▼
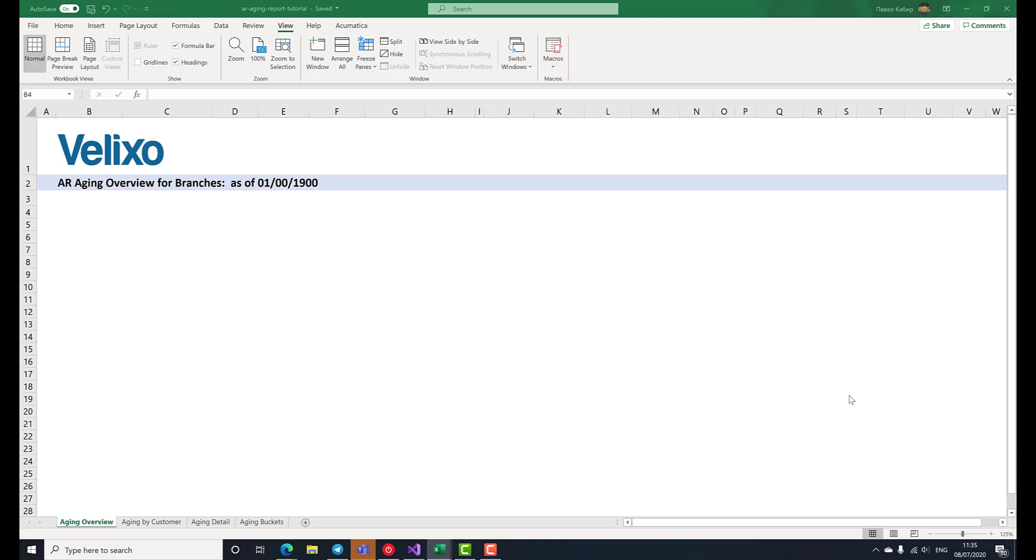Hello, my name is Pavel Kabir and I'm a Product Manager and Software Engineer at Velixo. In this tutorial, we'll build a flexible accounts receivable aging report using pivot tables and generic inquiry functions introduced in Velixo 5.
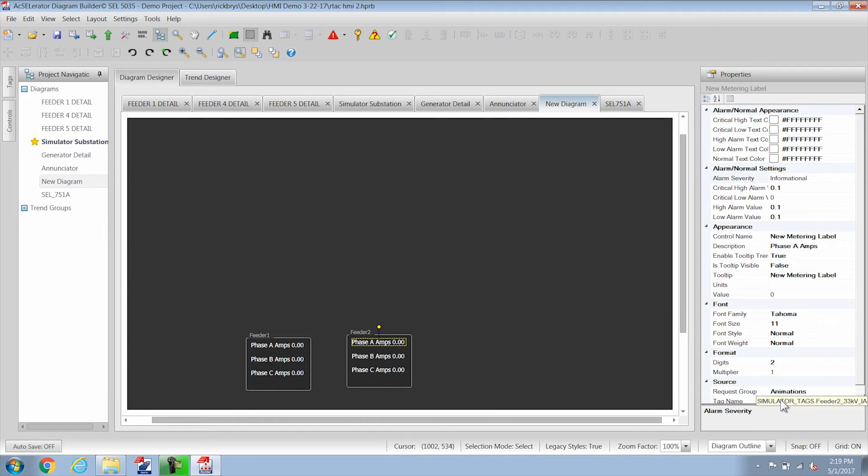I could do that for feeder 3, feeder 4 or whatever. And that's what we did here on the simulator substation overview.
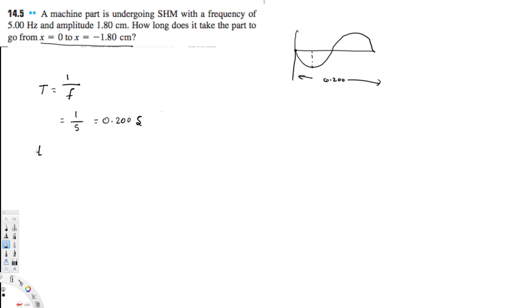So let's divide this by 4: 0.200 divided by 4 is equal to 0.0500 seconds, and that is the answer for this question. I hope you guys like this video, see you next time.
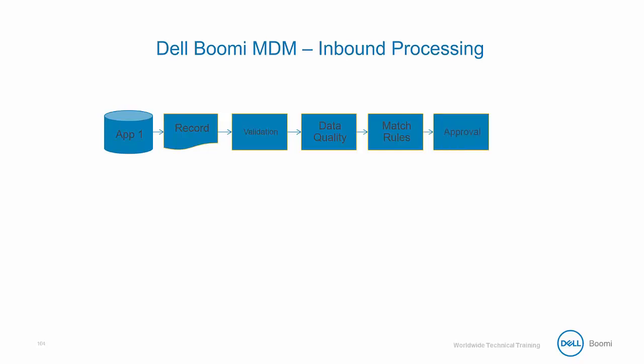Assuming your documents pass all data quality steps and match rules, they will be then sent through the approval process and in most cases result in the creation or updates to your golden records. If you've set up your MDM solution correctly, the majority of these approvals can be done without any human intervention. Now, not all of your documents will result in approvals and this is where the steward steps in.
▲
-- Exercise instructions --
Working from the material above, transcribe it exactly while omitting pictures.

-- Answer for the task --
Hello, my name is Pavel Kabir and I'm a Product Manager and Software Engineer at Velixo. In this tutorial, we'll build a flexible accounts receivable aging report using pivot tables and generic inquiry functions introduced in Velixo 5.
I could do that for feeder 3, feeder 4 or whatever. And that's what we did here on the simulator substation overview.
So let's divide this by 4: 0.200 divided by 4 is equal to 0.0500 seconds, and that is the answer for this question. I hope you guys like this video, see you next time.
Assuming your documents pass all data quality steps and match rules, they will be then sent through the approval process and in most cases result in the creation or updates to your golden records. If you've set up your MDM solution correctly, the majority of these approvals can be done without any human intervention. Now, not all of your documents will result in approvals and this is where the steward steps in.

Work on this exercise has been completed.